Try it: Extract the whole listing as it stands. Do not include the pictures.

Collected data:
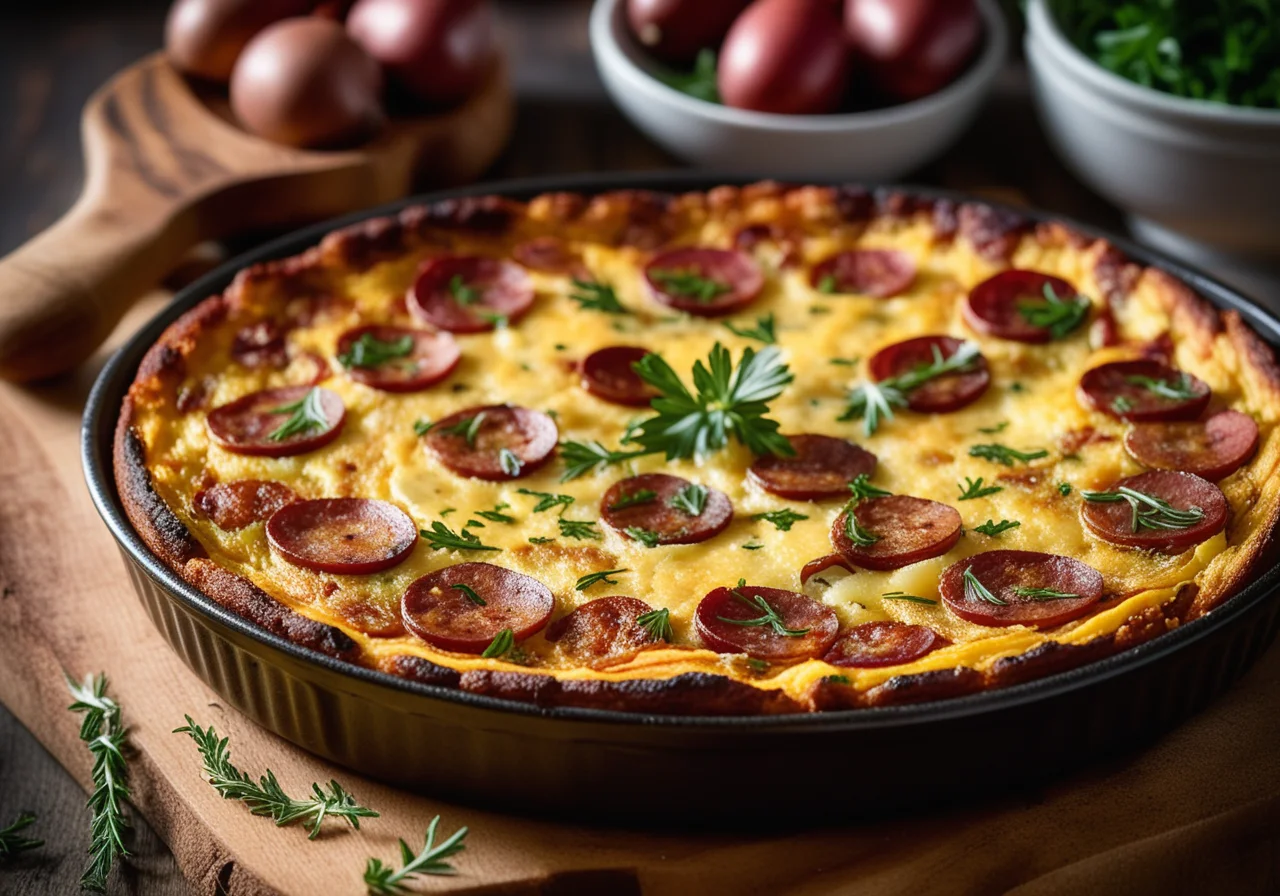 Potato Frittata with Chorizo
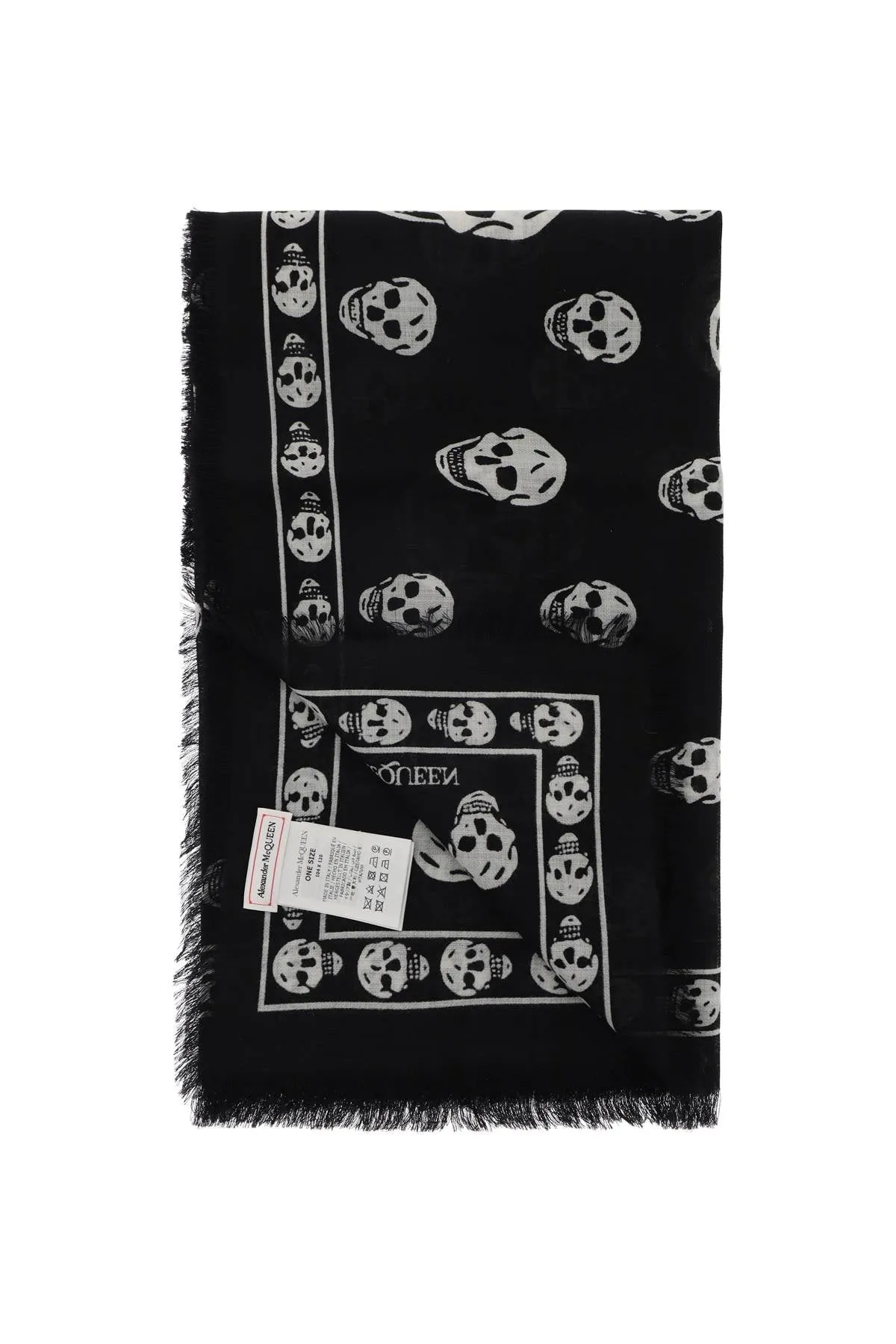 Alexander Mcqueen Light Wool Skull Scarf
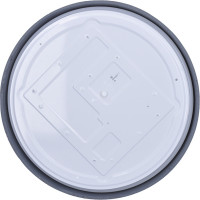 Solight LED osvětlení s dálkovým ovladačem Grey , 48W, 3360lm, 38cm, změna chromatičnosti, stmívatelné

Exercise response:
 Potato Frittata with Chorizo
 Alexander Mcqueen Light Wool Skull Scarf
 Solight LED osvětlení s dálkovým ovladačem Grey , 48W, 3360lm, 38cm, změna chromatičnosti, stmívatelné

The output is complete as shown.